When you are reading events from a kinesis stream, you have 4 options:
TRIM_HORIZON - the oldest events that are still in the stream shards before they are automatically trimmed (default 1 day, but can be extended up to 7 days). You will use this option if you want to start a new application that will process all the records that are available in the stream, but it will take a while until it is able to catch up and start processing the events in real-time.
LATEST - the newest events in the stream, and ignore all the past events. You will use this option if you start a new application that you want to process in teal time immediately.
AT/AFTER_SEQUENCE_NUMBER - the sequence number is usually the checkpoint that you are keeping while you are processing the events. These checkpoints are allowing you to reliably process the events, even in cases of reader failure or when you want to update its version and continue processing all the events and not lose any of them.

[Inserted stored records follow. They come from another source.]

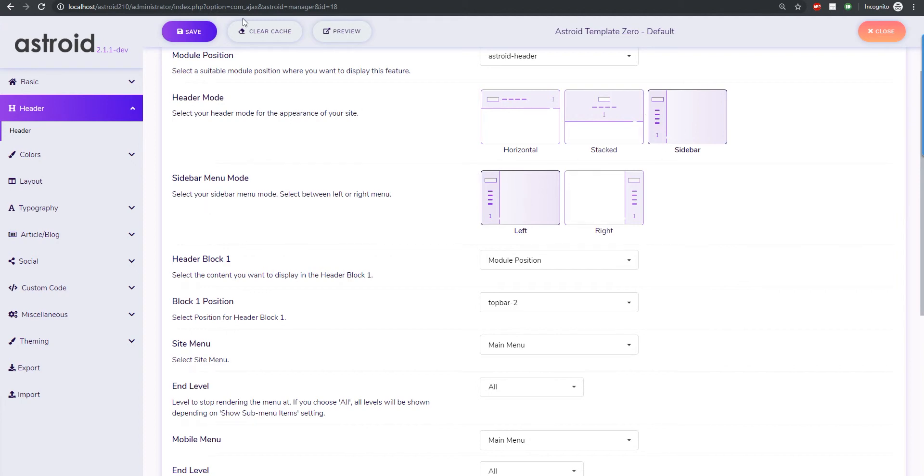But for this one we have the sidebar header. You can have it on left and right and it will work on your existing S3 templates as well if you just update to the latest version. Thanks for watching and subscribe to our channel for more videos.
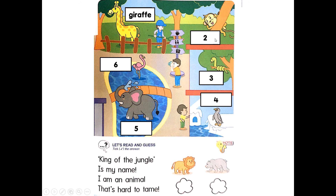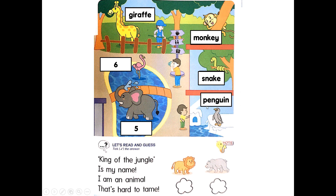What animal is this? This is a monkey. M-O-N-K-E-Y. Monkey. What animal is this? Snake. S-N-A-K-E. Snake. What animal is this? Penguin. P-E-N-G-U-I-N. Penguin. What animal is this? Elephant. E-L-E-P-H-A-N-T. Elephant. What animal is this? Flamingo. F-L-A-M-I-N-G-O. Flamingo.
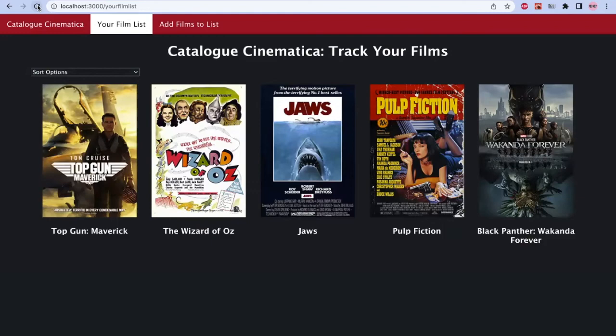Catalog Cinematica is a simple and effective app that can help people save time deciding what film they want to watch by using it as a to-watch list, or it can help film buffs track all the movies that they've already seen. If you have any questions about this project or would just like to get in touch with me, you can reach me at wjacksoncoleman@gmail.com or view the code for this project and more at github.com/jacksoncoleman. Those links will also be in the description of this video. Thanks for watching.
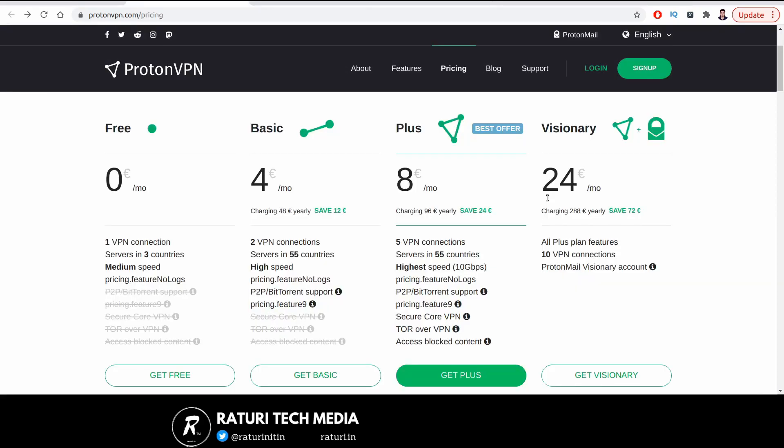The very first step is creating an account on protonvpn.com. If you visit this URL, you can see the pricing page I'm currently showing. There are four plans, but for this video we'll stick with the free plan as it's sufficient for most needs.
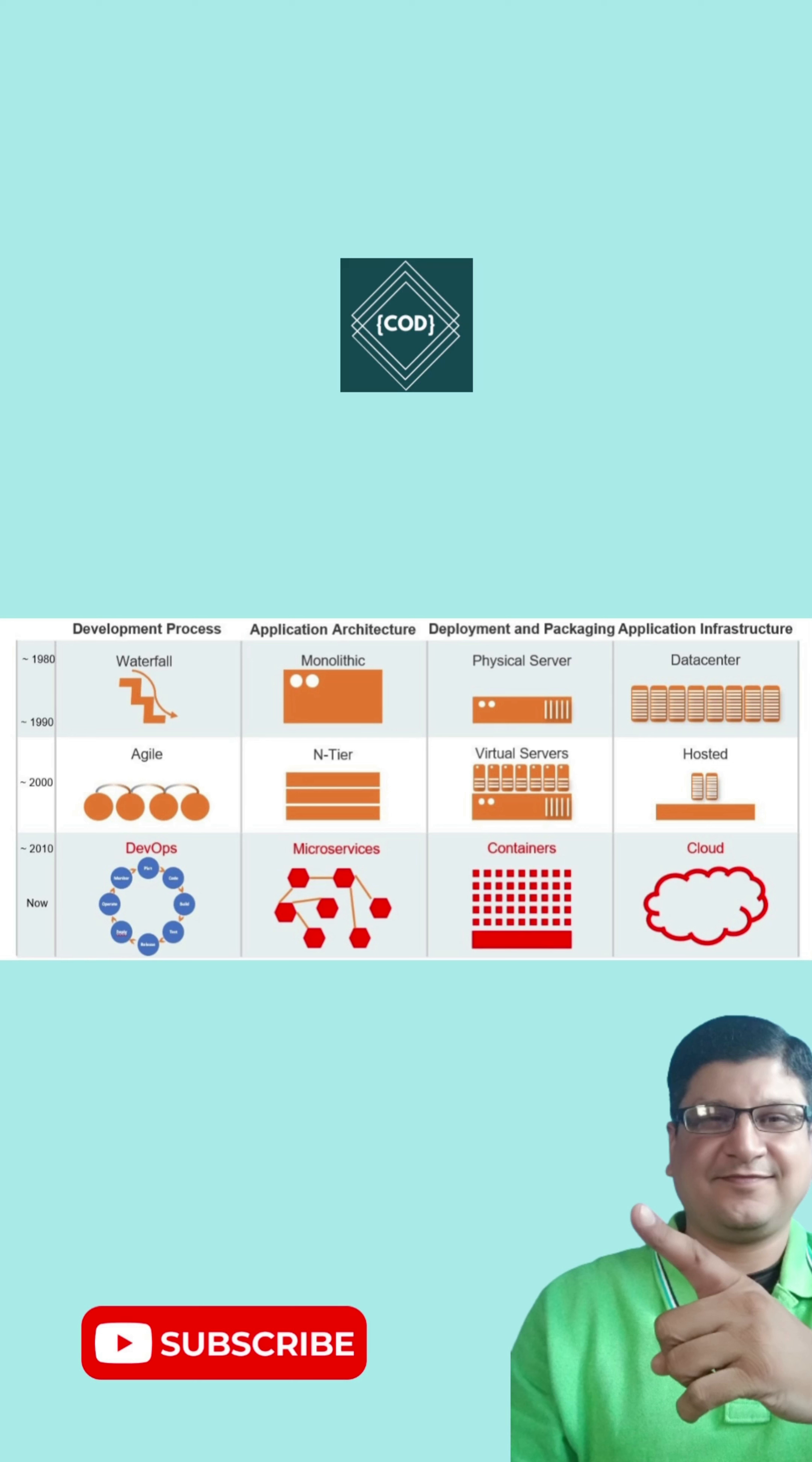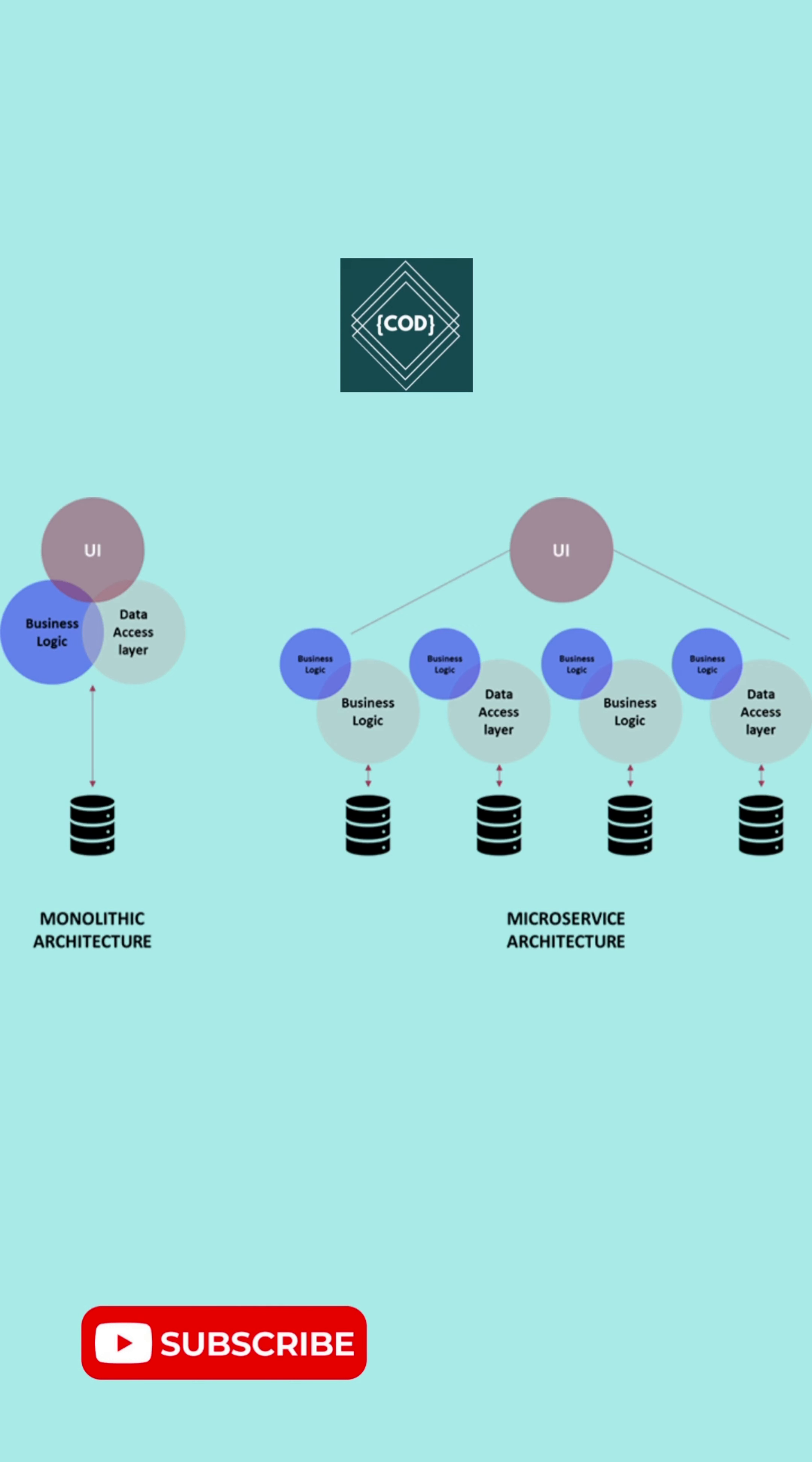So if you see how our architectures have evolved over the year, we started with our waterfall model where it is a monolithic architecture where everything is packed into a single entity. Then we come to entire architecture where we used to deploy into virtual servers. And now we are in the era of microservice architecture where we use containers technology to deploy our applications.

The difference between AT/AFTER is based on the time of your checkpoint, before or after you processed the events successfully.
Please note that this is the only shard specific option, as all the other options are global to the stream. When you are using the KCL it is managing a DynamoDB table for that application with a record for each shard with the "current" sequence number for that shard.
AT_TIMESTAMP - the estimate time of the event put into the stream. You will use this option if you want to find specific events to process based on their timestamp. For example, when you know that you had a real life event in your service at a specific time, you can develop an application that will process these specific events, even if you don't have the sequence number.
See more details in Kinesis documentation here: https://docs.aws.amazon.com/kinesis/latest/APIReference/API_GetShardIterator.html
You should use the "TRIM_HORIZON". It will only have effect on the first time your application starts to read records from the stream.
After that, it will continue from last known position.